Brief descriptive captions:
————————
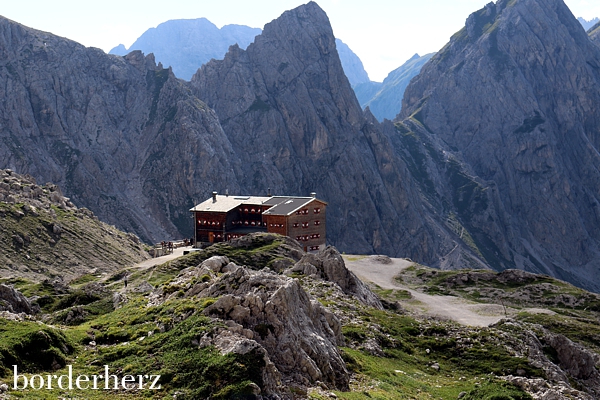 Blick von oben zur Karlsbaderhütte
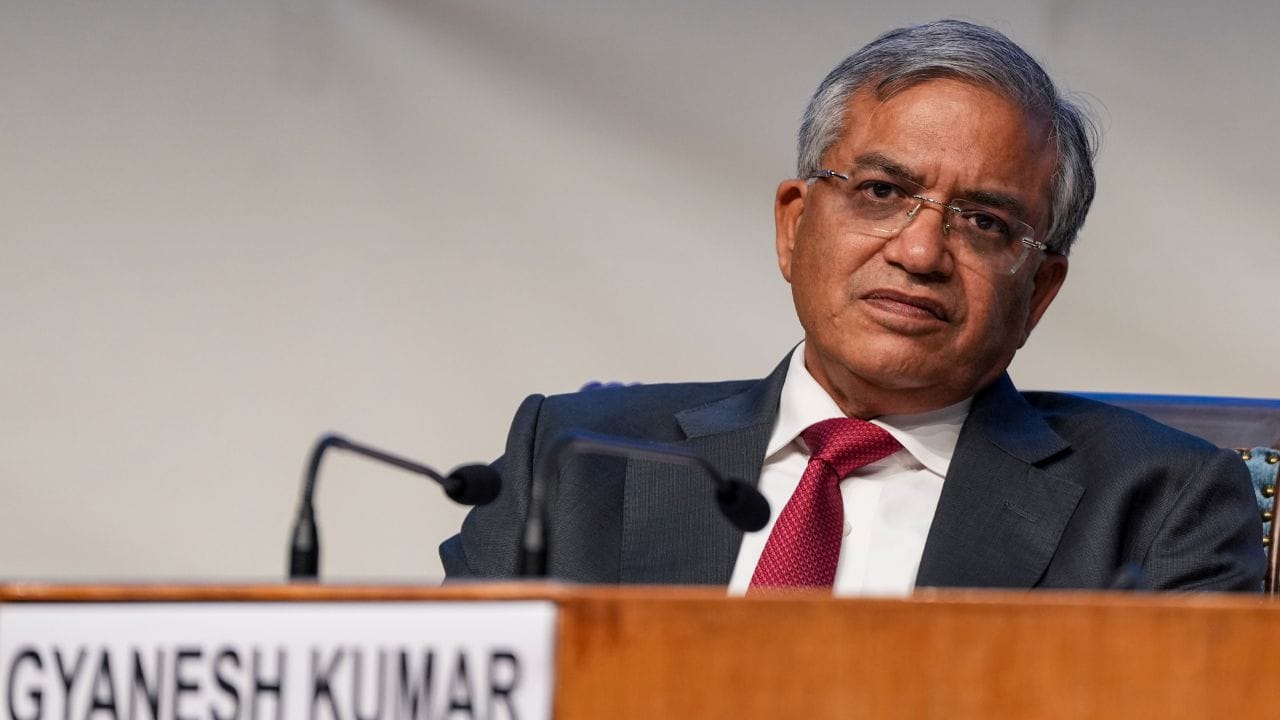 Election Commission on SIR: বাংলায় কবে হবে SIR? রবির বৈঠকেই মুখ খুললেন মুখ্য নির্বাচন কমিশনার জ্ঞানেশ কুমার Election Commission on SIR: বাংলায় কবে হবে SIR? রবির বৈঠকেই মুখ খুললেন মুখ্য নির্বাচন কমিশনার জ্ঞানেশ কুমার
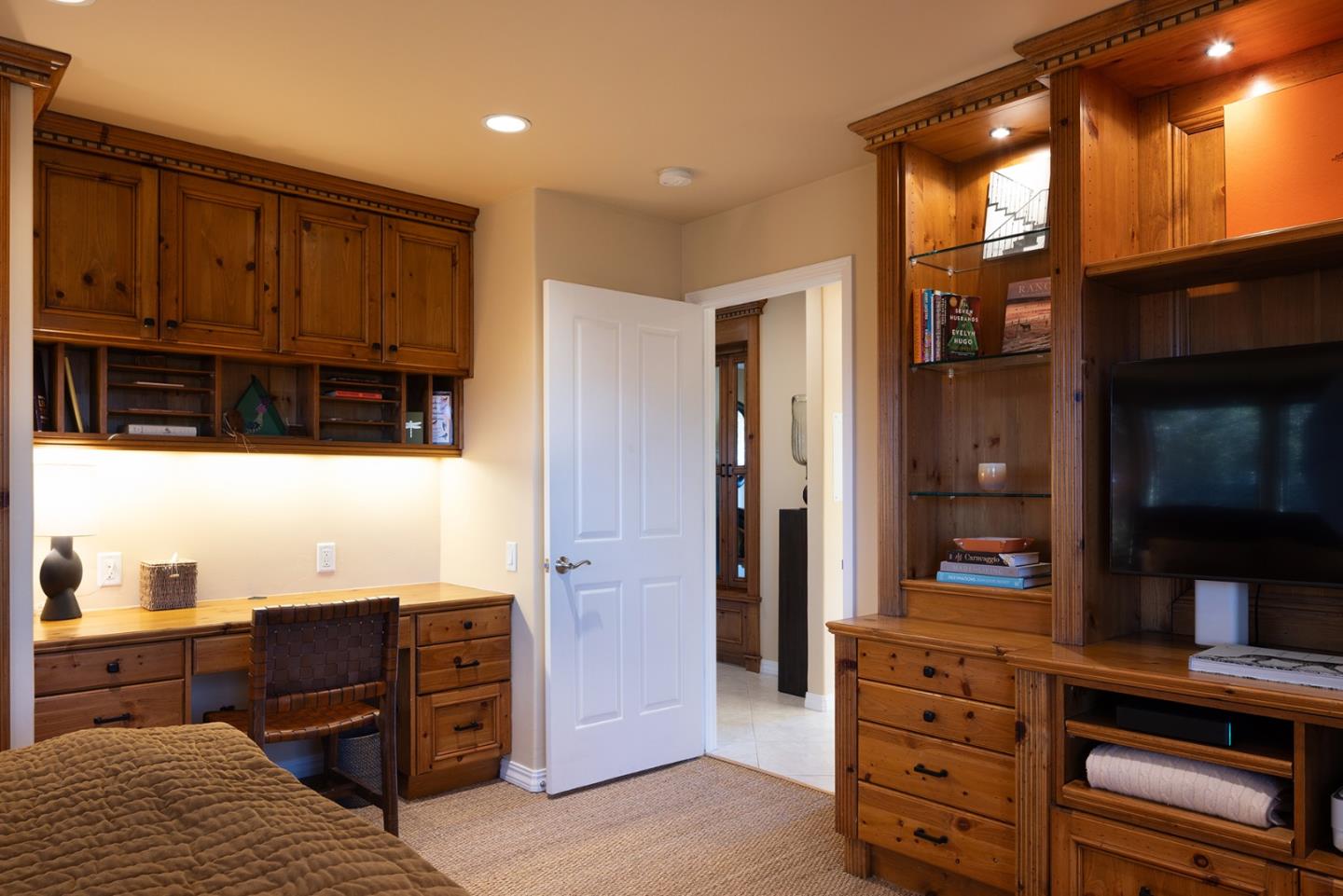 Detail Gallery Image 11 of 37 For 261 Del Mesa Carmel, Carmel,  CA 93923 - 2 Beds | 2 Baths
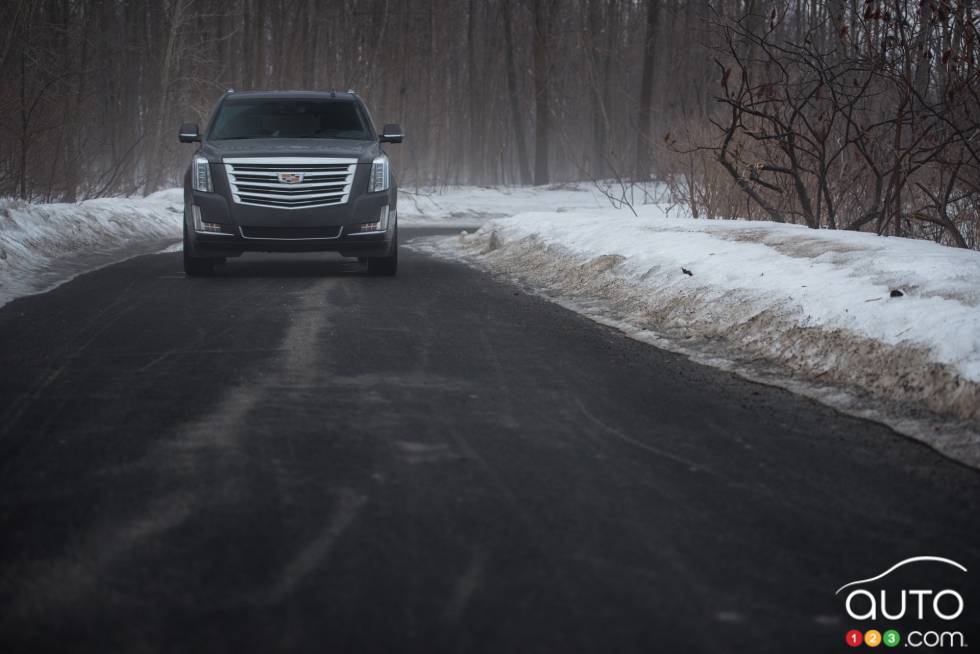 Vue de face du Cadillac Escalade 2016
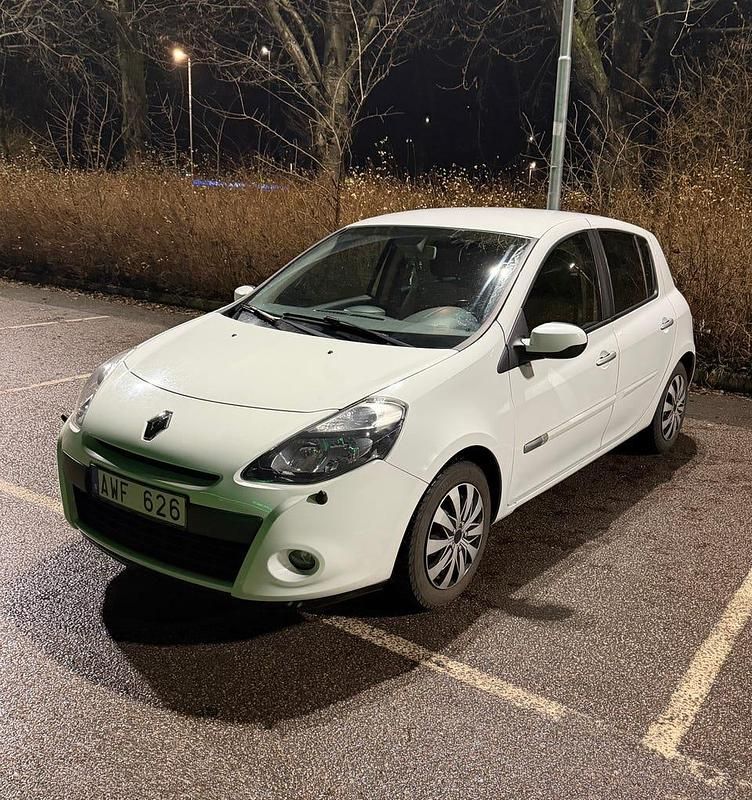 Begagnad 2011 Renault Clio II Halvkombi | 29 900 kr (Marknadspris) - Bild 1/4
————————
## TASK GOAL
Would you copy all of the data exactly? Keep the pictures out of it.

## RESULT OF THE TASK
 Blick von oben zur Karlsbaderhütte
 Election Commission on SIR: বাংলায় কবে হবে SIR? রবির বৈঠকেই মুখ খুললেন মুখ্য নির্বাচন কমিশনার জ্ঞানেশ কুমার Election Commission on SIR: বাংলায় কবে হবে SIR? রবির বৈঠকেই মুখ খুললেন মুখ্য নির্বাচন কমিশনার জ্ঞানেশ কুমার
 Detail Gallery Image 11 of 37 For 261 Del Mesa Carmel, Carmel,  CA 93923 - 2 Beds | 2 Baths
 Vue de face du Cadillac Escalade 2016
 Begagnad 2011 Renault Clio II Halvkombi | 29 900 kr (Marknadspris) - Bild 1/4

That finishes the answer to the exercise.